TATRY. Jak informowaliśmy, wczoraj w Dolinie Chochołowskiej doszło do wypadku. Niedźwiedź ugryzł mężczyznę. Jak podkreśla TPN - "do zdarzenia doszło w miejscu oddalonym od szlaku turystycznego. Niedźwiedź został zaskoczony w zaroślach kosodrzewiny. Do tej sytuacji prawdopodobnie w ogóle by nie doszło, gdyby nie silny wiatr, który osłabił czujność zwierzęcia".
- Ponieważ niedźwiedź nie wyczuł zapachu zbliżającego się człowieka, zupełnie nie spodziewał się spotkania w tym miejscu. Do kontaktu doszło w bardzo bliskiej odległości. Z jego perspektywy był to atak człowieka. W reakcji obronnej niedźwiedź ugryzł mężczyznę w nogę i uciekł. W skutek zdarzenia turysta z poranioną nogą został przewieziony przez ratowników TOPR do zakopiańskiego szpitala. Skąd, po opatrzeniu niegroźnych ran, został wypuszczony do domu.Nieprawdą jest, że niedźwiedź był głodny i zaatakował w celu żerowania na człowieku, jak podaje lokalna prasa. Nieprawdą jest, że osoba, która doznała urazu robiła tzw. „selfie” z niedźwiedziem. Nieprawdą jest, że turysta wędrował szlakiem. Przed publikacją prosimy dziennikarzy o sprawdzenie u źródła. Rozpowszechnianie tego typu informacji może wyrządzić krzywdę niedźwiedziom tworząc niebezpieczne stereotypy - apeluje Ewa Holek-Krzysztof. W Tatrzańskim Parku Narodowym obowiązuje zakaz schodzenia z wyznaczonych szlaków turystycznych.

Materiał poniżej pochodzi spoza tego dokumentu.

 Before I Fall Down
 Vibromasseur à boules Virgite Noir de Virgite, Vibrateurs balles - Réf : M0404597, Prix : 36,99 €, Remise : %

- Od lat podkreślamy, że jest to zachowanie szkodzące przyrodzie i narażające siebie na różne niebezpieczeństwa, w tym spotkanie z dzikimi zwierzętami. Turyści każdego dnia (poza okresem zimowym) obserwują niedźwiedzie ze szlaków i nie dochodzi do niebezpiecznych sytuacji. Niedźwiedzie spodziewają się tam obecności ludzi i podchodzą na tyle blisko, na ile czują się bezpieczne. Ich celem nie jest kontakt z ludźmi, a już na pewno nie atak. Do sytuacji, którą można nazwać atakiem, doszło ostatnio na terenie naszego Parku w 1926 roku. Wczoraj turysta znalazł się w nieodpowiednim miejscu, przy nieodpowiednich warunkach - dodaje pracownica Tatrzańskiego Parku Narodowego.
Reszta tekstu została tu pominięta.